This ambitious book sets out to challenge, or trouble, the social arrangements that enable male-on-female violence to persist, and it aims to establish a cross-disciplinary feminist ethnography that uses performance to empower women. It succeeds on both fronts. Violence is a social problem that touches many lives, yet female survivors are typically silenced by the lack of dialogue on these offenses. The authors therefore developed a traveling troupe to deliver live performances of accounts collected from survivors of male-perpetrated violence. The inspiring story of how the authors' Troubling Violence Performance Project came about and continues to be carried out is presented in this book, and readers will be left with an appreciation for performance as a catalyst for social justice.

Authors M. Heather Carver, an associate professor of Performance Studies, and Elaine J. Lawless, an English professor and folklorist, met in a writing course for faculty at the University of Missouri. They immediately bonded, and shortly thereafter they came to the shared recognition that neither of their respective fields had actualized the potential of cross-disciplinary collaboration. One of this book's greatest strengths is its emphasis on the authors' relationship. Organized and written as though it were a conversation between Carver and Lawless, this book is personal, reflective, and engaging.
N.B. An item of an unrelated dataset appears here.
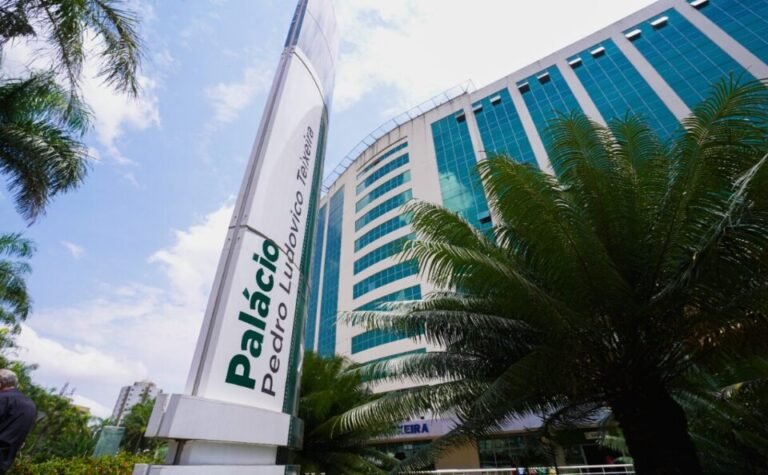 Enviado à Alego projeto de revisão salarial para servidores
Author biographies, critiques of the academy, emotions, dilemmas, and other forces that shaped both the authors' collaboration and the development of the Troubling Violence Performance Project are all accessible. The authors creatively write themselves into their work, and it is clear that through academic collaboration, they became confidants and friends. Recurring themes include Carver's ongoing fight with breast cancer and Lawless's past experiences as a young woman in an abusive marriage and as a teenage field worker who did hard labor. These personal stories of survival and physical harm are interwoven with the book's organizing theme of violence to female bodies.

The sociologist C. Wright Mills (The Sociological Imagination, Oxford University Press, 1959) is renowned for arguing that personal problems can only be accurately understood when they are critically examined within their broader social and historical contexts. Mills's insight is instructive when looking at violence, which unfortunately touches the lives of many girls and women. Though violence is pervasive on a societal level, women typically regard it as a private matter when they experience it firsthand. The Troubling Violence Performance Project was conceived to bring attention to the social structures that give rise to men's violence against women, thus correctly rooting the private experience of women's [End Page 225] victimization within its broader social and historical frameworks.
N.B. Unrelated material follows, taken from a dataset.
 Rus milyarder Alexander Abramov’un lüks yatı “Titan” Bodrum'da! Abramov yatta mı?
The Troubling Violence Performance Project initially featured performers reading monologues that had been collected from violence survivors in a battered women's shelter. These real accounts were the basis of a previous book by Lawless (Women Escaping Violence: Empowerment through Narrative, University of Missouri Press, 2001). The performances were intended to be educational, with the explicit focus being on each performer and her story. Props, costumes, and other components of entertainment-driven productions were therefore deliberately avoided. After performing a series of narratives, the troupe would regroup with the audience for discussion. Sometimes these interactive sessions with the audience began with long periods of silence. Other times they led to debate. Typically, they resulted in audience members being moved to share their own stories about surviving violence.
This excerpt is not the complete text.